Joshua Birk specializes in political history and cultural history across religious boundaries in the medieval Mediterranean world.
His book, Norman Kings of Sicily and the Rise of the Anti-Islamic Critique: Baptized Sultans, examines a crucial component in the rise of anti-Islamic sentiment in Latin Europe. The text demonstrates how Christian rulers of Sicily used Muslim personnel and co-opted and redeployed Islamic cultural tropes and administrative techniques to project their authority over the Island of Sicily in the 11th and 12th centuries. Baptized Sultans shows that neither the use of Muslim soldiers and administrators nor the adoption of Islamic cultural elements were controversial in the 11th and 12th centuries, but that starting around 1200 the enemies of the Sicilian crown increasingly used Sicilian Muslims to demonize Sicilian rulers. He has also published articles on the First Crusade, examining how interactions between Normans and Muslims in Southern Italy and Sicily informed southern Italian behavior during the Crusades and how early accounts of the crusade were rewritten to erase this southern Italian perspective.
He offers a range of courses on various topics in the medieval world, including three sequential surveys covering the medieval European world from 400 to 1650. He teaches several specialized colloquia on topics such as the notion of race in medieval Europe, medieval concepts of magic and the supernatural, and the idea of religious violence in the Islamo-Christian Tradition.
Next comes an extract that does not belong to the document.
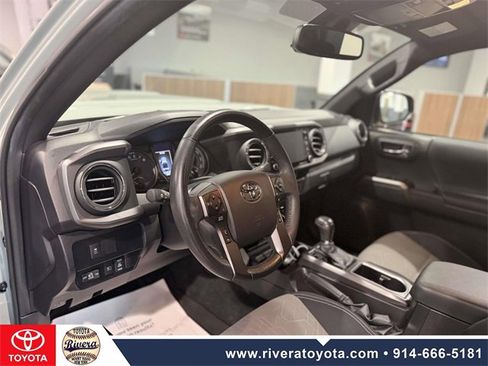 Used 2023 Toyota Tacoma TRD Sport image 10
He also teaches a seminar on violence and memory in the high Middle Ages, and a first-year seminar titled Reacting to the Past.
Birk is a recipient of the 2012 Rome Prize and the 2019 Smith College Teaching Award. He is also a member of the Middle East Studies faculty and the director of the newly initiated Humanities and Social Science Research Labs.
"Crucible of Faith: Fitna in the Travels of Ibn Jubayr" in Rethinking Norman Italy: Studies in honor of Graham Loud, Manchester University Press, 2021.
Norman Kings of Sicily and the Rise of the Anti-Islamic Critique: Baptized Sultans, Palgrave Macmillan, 2017.
“Imagining the Enemy: Southern Italian Perception of Muslims in the Wake of the First Crusade,” in Just Wars, Holy Wars, and Jihads: Christian, Jewish, Muslim Encounters and Exchanges, Oxford University Press, 2012.
“The Betrayal of Antioch: Narratives of Conversion and Conquest During the First Crusade,” in Journal of Medieval and Early Modern Studies, 2011, Volume 41, no. 3: 463–485.
Translations of portions of Ibn Jubayr's travels to Sicily, in Medieval Italy: Texts in Translation, edited by Katherine L Jansen, et. al. University of Pennsylvania Press, 2009.
“Borderlands and Borderlines: Narrating the Past in Twelfth-Century Sicily,” in Multicultural Europe and Cultural Exchange in the MIddle Ages and Renaissance, edited by James P. Helfers. Brepols Publishers: 2005.